=== Source data ===

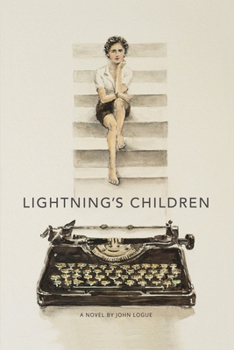 Paperback Lightning's Children Book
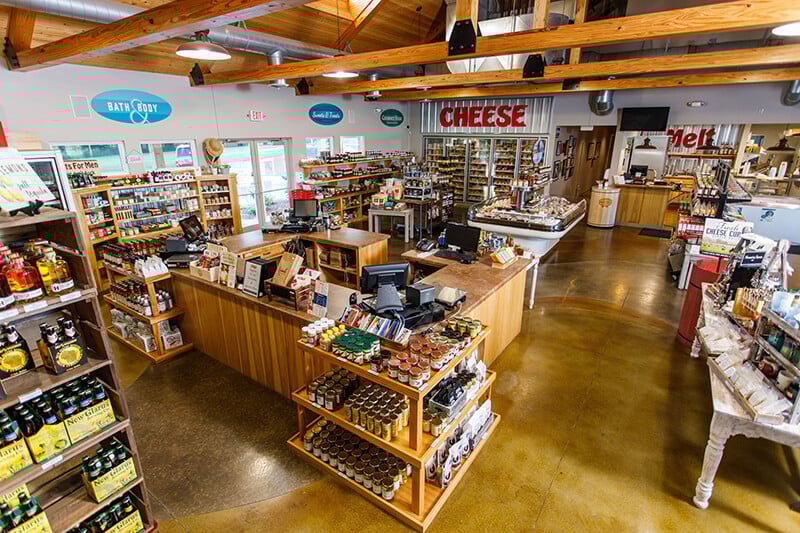 Renard’s Cheese Shop
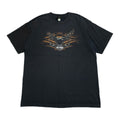ハーレーダビッドソン Harley-Davidson Tシャツ バルパライソ ブラック メンズXL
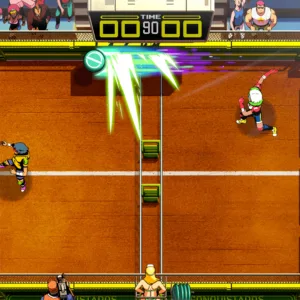 Windjammers 2 [PS4] - изображение 4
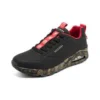 Sneakersy sportowe Uno Celebrat-Airy z okazji Roku Królika „Black Red”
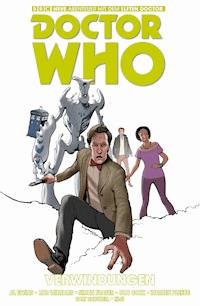Doctor Who - Der Elfte Doctor, Band 3 - Ewing Al - E-Book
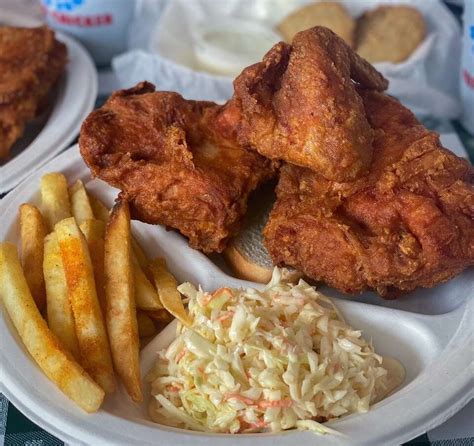 Places For The Best Fried Chicken In San Antonio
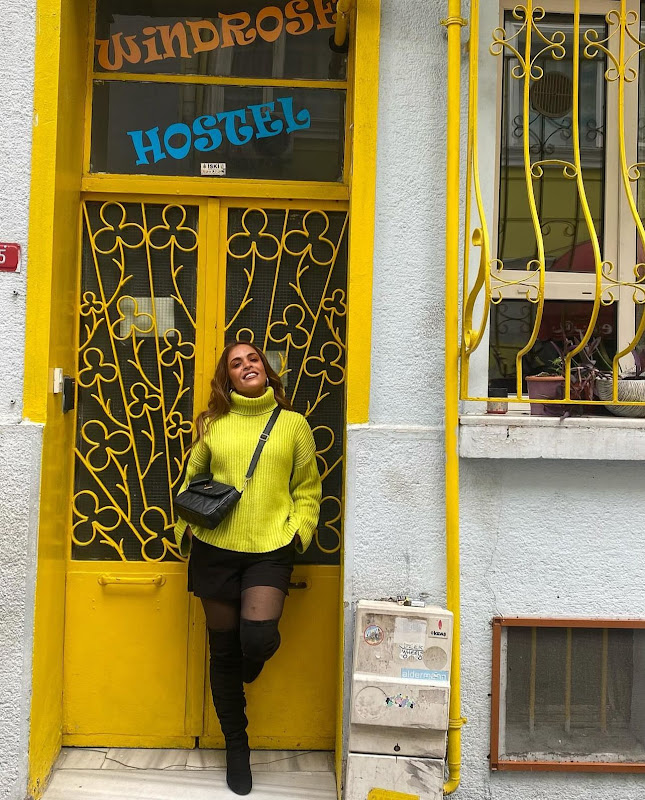 Windrose Hostel Istanbul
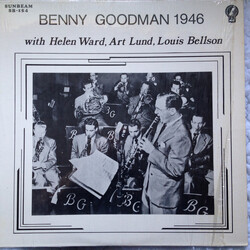 Benny Goodman 1946 Vinyl LP USED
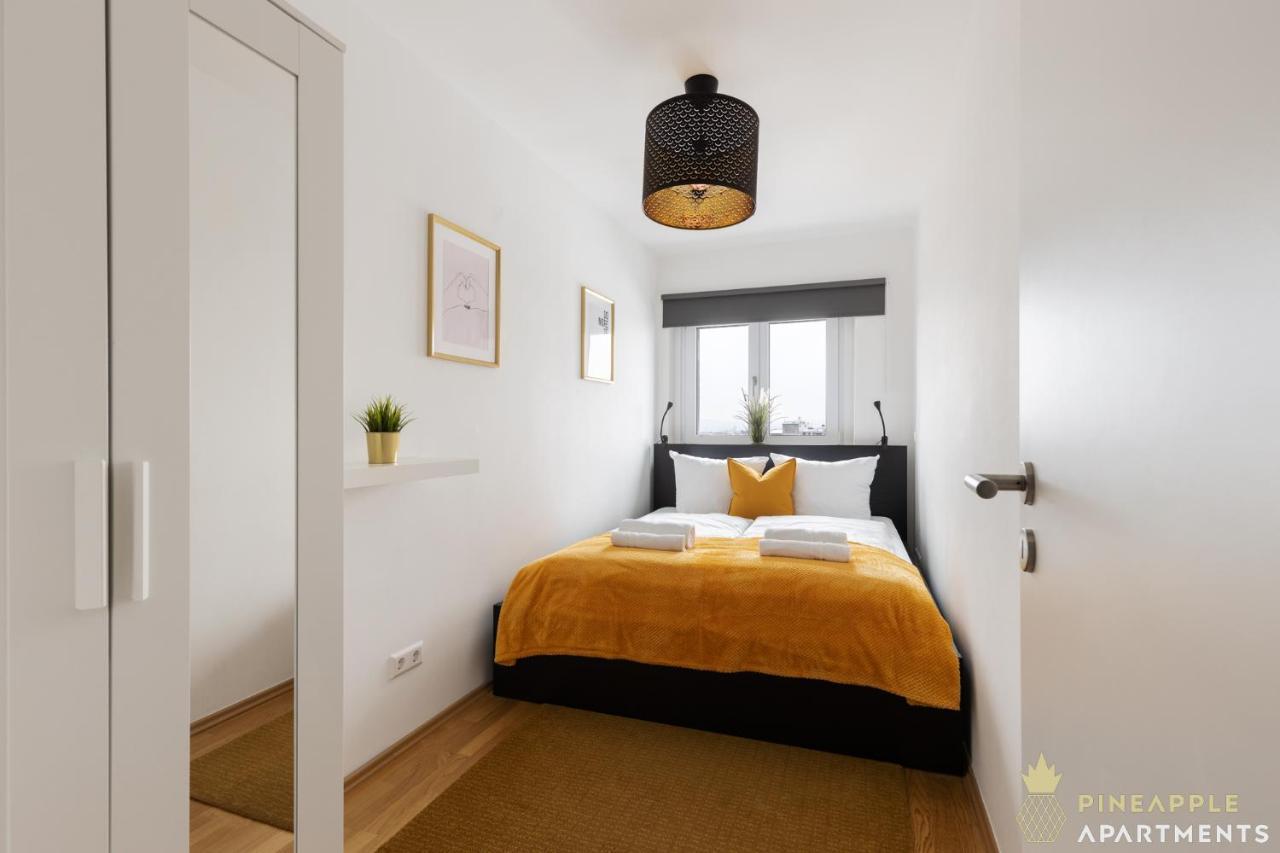 Pineapple Apartments Dresden Zwinger V - 78 Qm - 1X Free Parking Kültér fotó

===

__What to work on__.
Which lines run from the one holding "Windrose Hostel Istanbul" through the end of the records? Reproduce them word for word, both ends included, with no pictures.

__Answer area__.
 Windrose Hostel Istanbul
 Benny Goodman 1946 Vinyl LP USED
 Pineapple Apartments Dresden Zwinger V - 78 Qm - 1X Free Parking Kültér fotó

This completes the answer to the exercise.